New coir acoustic panels offer sustainable design alternative

‘Accoir’ developed by NCRMI and IIID unveiled at Coir Kerala 2015

Researchers in India have developed a coir-based sound paneling system that could offer a superior, low-cost, organic alternative to synthetic acoustic design products currently used in construction, architecture and engineering.

‘Accoir’ has been developed by the Thiruvanathapuram-based National Coir Research & Management Institute (NCRMI) in partnership with the Institute of Indian Interior Designers (IIID) with R&D inputs from several other leading institutes.

The product was unveiled by  Mr. Oommen Chandy, Chief Minister of Kerala recently at the five-day Coir Kerala international expo on coir and natural fibre products in Alappuzha.

Accoir, which comes in the form of ceiling and wall tiles, is the result of two years of research to build a high-quality, marketable product that leverages the well-known sound absorption properties of coir, a natural fibre obtained from coconut.

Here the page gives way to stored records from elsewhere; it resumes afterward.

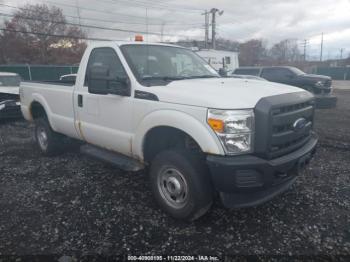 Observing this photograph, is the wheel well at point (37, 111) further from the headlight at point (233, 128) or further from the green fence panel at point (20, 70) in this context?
the green fence panel at point (20, 70)

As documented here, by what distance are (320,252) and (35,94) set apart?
17.5ft

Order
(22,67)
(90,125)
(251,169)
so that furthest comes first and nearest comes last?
(22,67) < (90,125) < (251,169)

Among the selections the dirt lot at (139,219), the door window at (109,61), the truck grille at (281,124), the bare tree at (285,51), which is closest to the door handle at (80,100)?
the door window at (109,61)

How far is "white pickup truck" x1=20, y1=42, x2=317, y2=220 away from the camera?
280 centimetres

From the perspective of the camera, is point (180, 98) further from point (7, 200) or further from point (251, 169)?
point (7, 200)

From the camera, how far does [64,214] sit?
3.57 m

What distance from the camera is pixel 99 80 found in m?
3.56

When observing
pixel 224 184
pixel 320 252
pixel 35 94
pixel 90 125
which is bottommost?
pixel 320 252

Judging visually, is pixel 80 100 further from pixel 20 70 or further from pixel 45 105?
pixel 20 70

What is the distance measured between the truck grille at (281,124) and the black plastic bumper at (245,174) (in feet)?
0.37

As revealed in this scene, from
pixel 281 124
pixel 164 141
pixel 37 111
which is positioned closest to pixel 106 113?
pixel 164 141

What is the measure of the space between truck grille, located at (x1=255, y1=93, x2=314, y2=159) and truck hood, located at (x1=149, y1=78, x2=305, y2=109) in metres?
0.12

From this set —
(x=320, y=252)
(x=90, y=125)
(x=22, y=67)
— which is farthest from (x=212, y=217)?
(x=22, y=67)

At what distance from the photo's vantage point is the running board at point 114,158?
378 cm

“Acoustic panels used for interior decoration and as sound barriers constitute a very niche market. Introducing an organic product in this segment, especially one derived from as sustainable a material as coir, could be a very successful move commercially,” said Mr. Adoor Prakash, Minister for Revenue and Coir, Govt of Kerala . “Accoir is an exciting new product and innovations of this kind invigorate the sector.”

NCRMI Director Mr. K R Anil said to the main challenge for researchers was not just to enhance the acoustic properties of coir, but overcome its natural limitations such as coarseness of texture and flammability.

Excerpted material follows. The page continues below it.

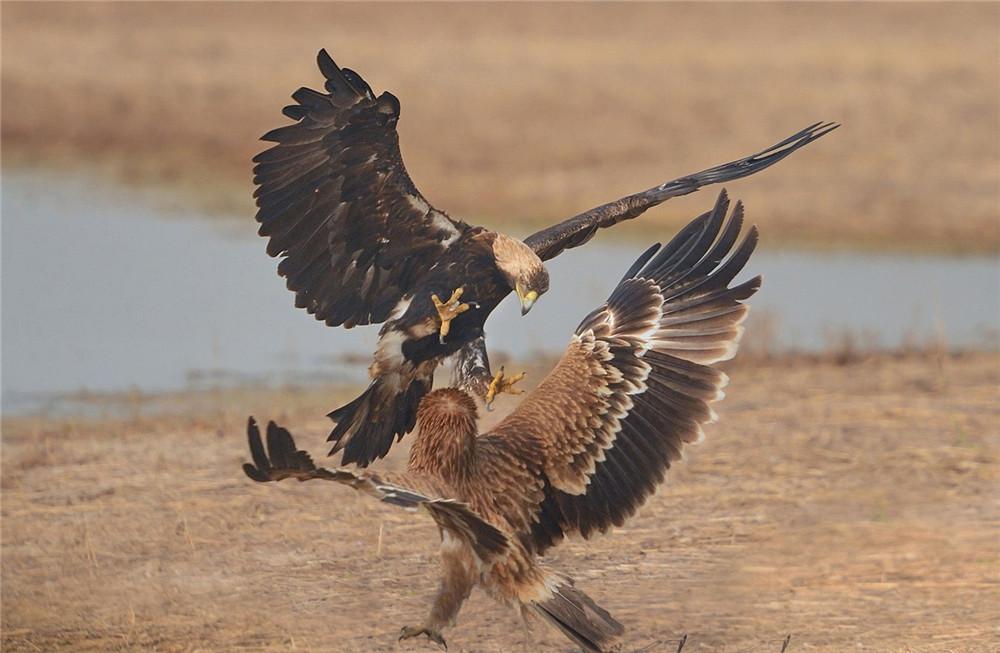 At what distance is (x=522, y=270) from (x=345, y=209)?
782mm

“Commercially viable acoustic panels need to be fire retardant, easy to install and clean, durable and aesthetically pleasing. With Accoir, we have not just managed to achieve all of these but have created a product that matches and even betters the properties of the best available products globally,” he said.

For example, the leading acoustic products in the market today have a Noise Reduction Coefficient (NRC) - a sound absorption rating - of around 0.5 to 0.6. (NRC is measured on a scale of 0 to 1 with the latter indicating perfect absorption.)

Accoir, when tested, returned values as high as 0.7 to 0.8. “Our aim was to at least match the best rated products; but we were delighted to find that our organic material turned out to be superior to any other product currently in the market,” Mr. K R Anil said.

NCRMI has filed for a patent and will soon look at production and marketing partners to commercially launch Accoir.

Accoir comes as 25mm thick paneling system for the ceiling and a 40 mm wall cladding system. It is ideal for theatres, conference venues, conference halls, homes and any space that requires good sound modulation.

The design inputs of IIID, which worked closely with the Pune-based Automotive Research Association of India and the National Institute for Interdisciplinary Science and Technology (NIIST) for research and testing, were critical in ensuring that the end product had a world-class design and matched global standards in the building industry.

Although the price point of the new coir panels has not been fixed yet, Mr. Anil said Accoir will definitely cost on a par or less than the materials currently in the market.

Accoir, which will be showcased at a special stall set up at Coir Kerala 2015 by the NCRMI, which is also the coordinating agency for the event.